Exercise brief – Within the records below, reproduce without change the lines from the line that has "Discs nke spine" through the line that has "活动假牙和种植牙:如何根据自身条件做出明智选择?", and only those.

Records from a dataset:

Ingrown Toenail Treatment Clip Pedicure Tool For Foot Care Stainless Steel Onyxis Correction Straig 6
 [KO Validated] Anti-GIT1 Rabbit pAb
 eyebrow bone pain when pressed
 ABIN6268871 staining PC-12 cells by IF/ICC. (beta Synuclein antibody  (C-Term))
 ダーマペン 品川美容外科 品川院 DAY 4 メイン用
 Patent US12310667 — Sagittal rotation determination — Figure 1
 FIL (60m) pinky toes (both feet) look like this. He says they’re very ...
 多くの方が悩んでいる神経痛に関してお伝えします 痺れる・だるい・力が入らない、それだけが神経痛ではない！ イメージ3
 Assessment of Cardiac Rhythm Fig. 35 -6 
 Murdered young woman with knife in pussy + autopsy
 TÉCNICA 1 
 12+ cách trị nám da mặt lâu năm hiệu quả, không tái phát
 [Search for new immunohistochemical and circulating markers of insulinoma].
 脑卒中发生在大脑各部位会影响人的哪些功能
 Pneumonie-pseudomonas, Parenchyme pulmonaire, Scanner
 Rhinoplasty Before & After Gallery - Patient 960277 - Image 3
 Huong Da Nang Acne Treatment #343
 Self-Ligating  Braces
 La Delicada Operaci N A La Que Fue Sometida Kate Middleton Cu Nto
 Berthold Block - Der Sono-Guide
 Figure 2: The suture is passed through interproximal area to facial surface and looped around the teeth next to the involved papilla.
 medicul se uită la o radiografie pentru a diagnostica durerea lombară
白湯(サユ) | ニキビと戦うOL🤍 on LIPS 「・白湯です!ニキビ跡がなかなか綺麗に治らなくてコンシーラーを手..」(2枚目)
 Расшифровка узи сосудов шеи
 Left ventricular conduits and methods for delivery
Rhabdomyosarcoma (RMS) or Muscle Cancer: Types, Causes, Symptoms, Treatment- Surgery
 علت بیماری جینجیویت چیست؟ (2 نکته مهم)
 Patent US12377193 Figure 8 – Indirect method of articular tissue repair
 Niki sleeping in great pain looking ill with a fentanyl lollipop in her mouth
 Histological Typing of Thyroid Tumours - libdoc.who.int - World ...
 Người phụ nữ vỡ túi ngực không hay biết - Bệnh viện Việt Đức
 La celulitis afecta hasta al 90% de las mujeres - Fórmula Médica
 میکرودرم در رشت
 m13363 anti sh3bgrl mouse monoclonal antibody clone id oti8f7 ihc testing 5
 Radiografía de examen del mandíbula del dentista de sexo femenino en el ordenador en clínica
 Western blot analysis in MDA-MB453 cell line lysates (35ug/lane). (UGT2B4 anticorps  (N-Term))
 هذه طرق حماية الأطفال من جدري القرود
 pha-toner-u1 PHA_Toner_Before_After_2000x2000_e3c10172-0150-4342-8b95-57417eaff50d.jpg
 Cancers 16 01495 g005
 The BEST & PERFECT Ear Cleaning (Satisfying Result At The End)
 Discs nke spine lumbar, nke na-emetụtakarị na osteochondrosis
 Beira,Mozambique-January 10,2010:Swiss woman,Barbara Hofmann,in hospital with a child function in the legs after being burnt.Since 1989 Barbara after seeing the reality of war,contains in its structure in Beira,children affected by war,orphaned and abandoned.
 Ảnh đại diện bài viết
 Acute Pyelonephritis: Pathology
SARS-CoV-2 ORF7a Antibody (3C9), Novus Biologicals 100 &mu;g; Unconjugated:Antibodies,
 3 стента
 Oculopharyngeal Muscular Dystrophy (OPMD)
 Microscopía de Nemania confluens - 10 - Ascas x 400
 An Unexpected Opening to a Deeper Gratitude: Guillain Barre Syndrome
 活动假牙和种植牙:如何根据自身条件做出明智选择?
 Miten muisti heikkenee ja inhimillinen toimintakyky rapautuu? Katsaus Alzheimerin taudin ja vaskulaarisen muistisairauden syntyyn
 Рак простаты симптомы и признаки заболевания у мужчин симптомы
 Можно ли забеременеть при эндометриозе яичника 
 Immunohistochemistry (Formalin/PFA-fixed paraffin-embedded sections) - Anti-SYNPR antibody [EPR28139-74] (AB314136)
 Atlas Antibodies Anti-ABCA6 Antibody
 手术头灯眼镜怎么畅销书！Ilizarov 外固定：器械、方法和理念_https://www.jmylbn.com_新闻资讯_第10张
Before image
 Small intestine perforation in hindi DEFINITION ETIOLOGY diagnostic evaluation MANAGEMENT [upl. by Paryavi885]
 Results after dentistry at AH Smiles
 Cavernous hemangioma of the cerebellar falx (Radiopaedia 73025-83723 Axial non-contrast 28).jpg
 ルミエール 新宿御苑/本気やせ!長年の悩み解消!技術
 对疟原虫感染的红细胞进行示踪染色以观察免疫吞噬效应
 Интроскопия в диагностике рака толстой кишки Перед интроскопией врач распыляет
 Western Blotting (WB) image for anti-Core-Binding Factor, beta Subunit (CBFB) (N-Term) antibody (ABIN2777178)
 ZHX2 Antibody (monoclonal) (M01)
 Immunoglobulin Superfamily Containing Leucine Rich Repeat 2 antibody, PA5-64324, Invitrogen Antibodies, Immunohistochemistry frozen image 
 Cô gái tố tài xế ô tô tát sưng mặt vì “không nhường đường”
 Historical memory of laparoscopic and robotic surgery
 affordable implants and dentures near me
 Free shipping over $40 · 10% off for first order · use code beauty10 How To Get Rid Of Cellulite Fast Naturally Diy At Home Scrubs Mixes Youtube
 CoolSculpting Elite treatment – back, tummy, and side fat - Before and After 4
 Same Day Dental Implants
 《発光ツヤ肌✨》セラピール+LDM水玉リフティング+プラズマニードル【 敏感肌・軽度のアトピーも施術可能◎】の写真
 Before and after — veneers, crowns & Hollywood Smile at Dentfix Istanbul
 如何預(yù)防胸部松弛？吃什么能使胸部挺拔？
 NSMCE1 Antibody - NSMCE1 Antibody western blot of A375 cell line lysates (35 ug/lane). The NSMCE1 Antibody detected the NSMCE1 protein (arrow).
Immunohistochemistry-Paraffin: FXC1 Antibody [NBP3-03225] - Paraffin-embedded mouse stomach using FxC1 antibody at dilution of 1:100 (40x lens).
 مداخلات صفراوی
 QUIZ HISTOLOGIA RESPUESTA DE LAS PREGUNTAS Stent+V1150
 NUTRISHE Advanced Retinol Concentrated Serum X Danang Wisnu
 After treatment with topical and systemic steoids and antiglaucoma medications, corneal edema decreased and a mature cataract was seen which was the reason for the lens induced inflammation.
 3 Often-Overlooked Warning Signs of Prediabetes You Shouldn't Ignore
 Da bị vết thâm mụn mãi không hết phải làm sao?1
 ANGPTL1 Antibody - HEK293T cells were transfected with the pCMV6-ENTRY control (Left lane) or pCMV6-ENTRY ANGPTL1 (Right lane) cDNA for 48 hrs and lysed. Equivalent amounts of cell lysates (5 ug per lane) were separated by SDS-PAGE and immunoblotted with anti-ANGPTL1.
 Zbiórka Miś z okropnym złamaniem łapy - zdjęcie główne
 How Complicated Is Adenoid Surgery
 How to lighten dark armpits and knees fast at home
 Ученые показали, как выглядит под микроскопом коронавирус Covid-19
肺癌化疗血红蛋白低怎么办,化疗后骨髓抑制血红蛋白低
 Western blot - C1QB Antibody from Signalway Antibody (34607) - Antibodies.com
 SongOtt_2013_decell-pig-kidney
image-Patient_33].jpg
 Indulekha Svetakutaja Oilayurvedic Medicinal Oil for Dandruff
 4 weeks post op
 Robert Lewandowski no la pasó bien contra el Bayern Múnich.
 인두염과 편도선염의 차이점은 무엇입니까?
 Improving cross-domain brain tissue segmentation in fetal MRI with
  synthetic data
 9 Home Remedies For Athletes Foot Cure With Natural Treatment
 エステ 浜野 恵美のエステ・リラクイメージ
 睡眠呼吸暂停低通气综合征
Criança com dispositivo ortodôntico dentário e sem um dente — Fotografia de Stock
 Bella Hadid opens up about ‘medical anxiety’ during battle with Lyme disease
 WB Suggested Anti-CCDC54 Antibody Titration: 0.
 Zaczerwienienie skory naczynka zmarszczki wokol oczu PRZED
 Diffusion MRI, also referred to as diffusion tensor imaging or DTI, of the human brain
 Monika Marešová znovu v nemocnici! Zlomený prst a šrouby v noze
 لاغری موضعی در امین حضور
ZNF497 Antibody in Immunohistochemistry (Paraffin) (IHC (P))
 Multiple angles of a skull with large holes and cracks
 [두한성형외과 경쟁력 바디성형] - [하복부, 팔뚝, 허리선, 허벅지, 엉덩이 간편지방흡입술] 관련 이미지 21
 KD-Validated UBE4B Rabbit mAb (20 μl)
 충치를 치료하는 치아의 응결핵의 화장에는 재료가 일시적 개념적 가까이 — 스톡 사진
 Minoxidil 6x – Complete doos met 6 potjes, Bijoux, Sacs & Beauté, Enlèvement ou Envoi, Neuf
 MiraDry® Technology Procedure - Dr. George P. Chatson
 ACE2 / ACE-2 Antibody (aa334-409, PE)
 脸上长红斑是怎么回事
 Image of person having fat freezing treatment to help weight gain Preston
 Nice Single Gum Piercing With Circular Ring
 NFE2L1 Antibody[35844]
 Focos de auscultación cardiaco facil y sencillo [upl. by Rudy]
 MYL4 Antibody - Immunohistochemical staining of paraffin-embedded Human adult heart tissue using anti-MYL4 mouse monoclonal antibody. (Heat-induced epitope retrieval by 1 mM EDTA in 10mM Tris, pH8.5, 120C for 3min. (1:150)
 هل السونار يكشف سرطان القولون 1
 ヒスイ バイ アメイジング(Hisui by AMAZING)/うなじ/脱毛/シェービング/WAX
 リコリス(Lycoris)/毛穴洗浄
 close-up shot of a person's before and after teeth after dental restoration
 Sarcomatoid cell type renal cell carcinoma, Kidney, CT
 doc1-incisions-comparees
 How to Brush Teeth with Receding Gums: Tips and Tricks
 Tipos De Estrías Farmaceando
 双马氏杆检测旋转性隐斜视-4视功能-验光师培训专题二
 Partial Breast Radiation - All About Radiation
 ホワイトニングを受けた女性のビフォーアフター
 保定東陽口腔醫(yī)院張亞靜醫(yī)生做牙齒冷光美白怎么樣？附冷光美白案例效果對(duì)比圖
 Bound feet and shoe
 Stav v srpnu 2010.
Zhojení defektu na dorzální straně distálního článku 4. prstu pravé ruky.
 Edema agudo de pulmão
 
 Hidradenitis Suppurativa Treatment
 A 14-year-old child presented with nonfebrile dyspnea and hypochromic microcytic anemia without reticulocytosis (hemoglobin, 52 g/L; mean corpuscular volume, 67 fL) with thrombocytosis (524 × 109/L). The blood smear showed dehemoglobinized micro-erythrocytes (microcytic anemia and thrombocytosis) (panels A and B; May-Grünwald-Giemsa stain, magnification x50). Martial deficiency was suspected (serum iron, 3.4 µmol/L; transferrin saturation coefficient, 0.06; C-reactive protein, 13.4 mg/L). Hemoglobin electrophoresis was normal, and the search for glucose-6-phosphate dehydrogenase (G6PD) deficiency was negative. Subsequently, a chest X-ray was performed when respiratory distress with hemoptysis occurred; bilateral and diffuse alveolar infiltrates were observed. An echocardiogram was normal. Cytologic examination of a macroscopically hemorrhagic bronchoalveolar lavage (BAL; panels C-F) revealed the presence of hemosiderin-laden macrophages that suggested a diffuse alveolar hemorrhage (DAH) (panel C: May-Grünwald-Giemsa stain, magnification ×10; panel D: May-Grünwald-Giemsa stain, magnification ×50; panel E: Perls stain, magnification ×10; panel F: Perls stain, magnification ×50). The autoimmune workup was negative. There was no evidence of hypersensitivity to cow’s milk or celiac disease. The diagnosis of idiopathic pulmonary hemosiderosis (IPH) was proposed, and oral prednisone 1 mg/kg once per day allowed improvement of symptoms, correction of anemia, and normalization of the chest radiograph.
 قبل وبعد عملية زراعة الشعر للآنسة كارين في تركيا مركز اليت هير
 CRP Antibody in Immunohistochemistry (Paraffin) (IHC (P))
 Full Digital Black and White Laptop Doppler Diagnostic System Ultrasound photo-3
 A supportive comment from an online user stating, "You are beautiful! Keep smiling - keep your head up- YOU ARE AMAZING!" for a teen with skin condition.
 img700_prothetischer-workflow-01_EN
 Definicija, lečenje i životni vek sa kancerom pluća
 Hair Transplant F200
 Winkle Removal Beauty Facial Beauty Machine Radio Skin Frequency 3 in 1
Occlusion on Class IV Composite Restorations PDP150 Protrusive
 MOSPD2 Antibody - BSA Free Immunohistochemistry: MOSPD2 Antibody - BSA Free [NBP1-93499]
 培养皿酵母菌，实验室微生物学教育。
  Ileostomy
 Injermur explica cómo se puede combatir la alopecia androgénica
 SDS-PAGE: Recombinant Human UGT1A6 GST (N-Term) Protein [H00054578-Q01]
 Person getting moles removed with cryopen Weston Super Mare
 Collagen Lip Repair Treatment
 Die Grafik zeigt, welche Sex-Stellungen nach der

Finished task –
 Discs nke spine lumbar, nke na-emetụtakarị na osteochondrosis
 Beira,Mozambique-January 10,2010:Swiss woman,Barbara Hofmann,in hospital with a child function in the legs after being burnt.Since 1989 Barbara after seeing the reality of war,contains in its structure in Beira,children affected by war,orphaned and abandoned.
 Ảnh đại diện bài viết
 Acute Pyelonephritis: Pathology
SARS-CoV-2 ORF7a Antibody (3C9), Novus Biologicals 100 &mu;g; Unconjugated:Antibodies,
 3 стента
 Oculopharyngeal Muscular Dystrophy (OPMD)
 Microscopía de Nemania confluens - 10 - Ascas x 400
 An Unexpected Opening to a Deeper Gratitude: Guillain Barre Syndrome
 活动假牙和种植牙:如何根据自身条件做出明智选择?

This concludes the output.